Nothing if you want to be just entertained and everything if you want to actually learn something. Let me explain.

Maybe it's not clear, but the sole purpose of Twitter is to make money. Even though Elon says money played no role in his decision to purchase Twitter... Twitter still needs to generate enough revenue to pay for the servers, employees and to turn a profit.

If you worked at Twitter your number one priority would be to look at the number of minutes users spend on the platform and then figure out a way to make that number go up.

That's true for all social networks. They want users to spend as much time there as possible. Why? So they can monetize the users better by serving them more and better ads and by making them addicted (recurring revenue).
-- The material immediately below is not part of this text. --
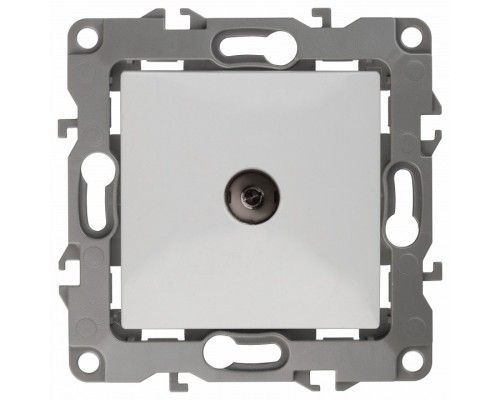 ТВ-розетка без рамки Эра Эра 12 12-3101-01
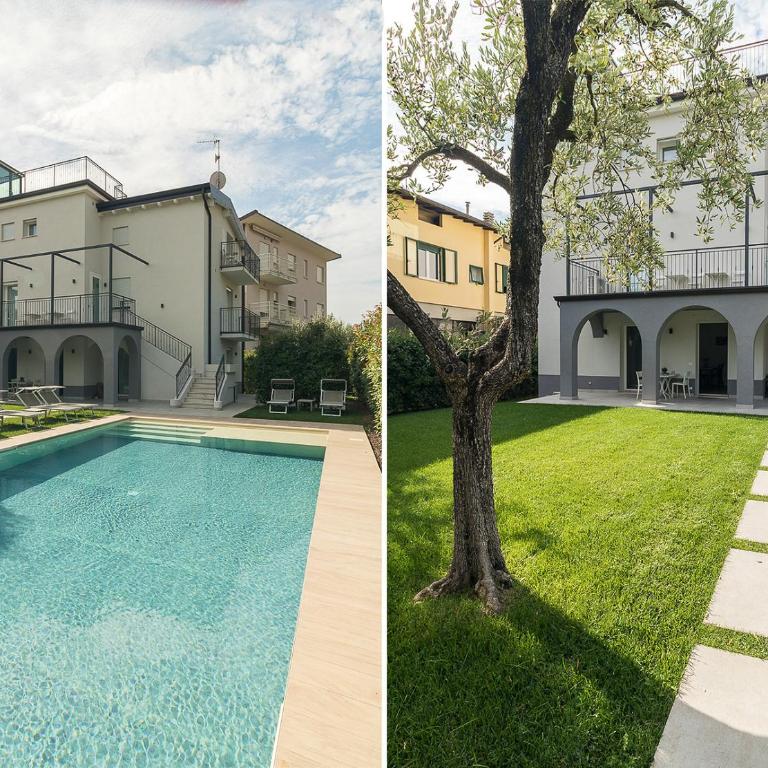 Maison Bellini 1 - Apartment with Pool View - 29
”Show me the incentives and I will show you the outcome.” Charlie Munger

The Infinite Jest. That is the end goal.

Have you ever noticed when you scroll on TikTok, how fast time flies by? And how hard it is to stop scrolling? It feels almost impossible to stop. And that's it. That's the goal in its final form. The Infinite Jest.

Algorithm so addictive users just can't stop scrolling. Algorithm so addictive that users rather keep scrolling than go out with their friends, have sex or even eat. Not even to mention doing something truly productive with their time.

The goal of all social media (including Twitter) is to keep you hooked. Let's keep that in mind.

The way they do that is by serving us entertaining and/or enraging content. That is content we really enjoy (on the lizard brain kind of level). Or content that makes us really angry. The problem is the most addictive and (enga / enra)ging content is usually complete garbage.

💡
We need to STOP asking ourselves "What can we do for Twitter"? (mindless scrolling, getting entertained and consuming ads) and START asking ourselves "What can Twitter do for us"? (how can we use it to learn and to become better)

Garbage in, garbage out

We've all heard that we're the average of the 5 people we spend the most time with. In other words. We are what we surround ourselves with.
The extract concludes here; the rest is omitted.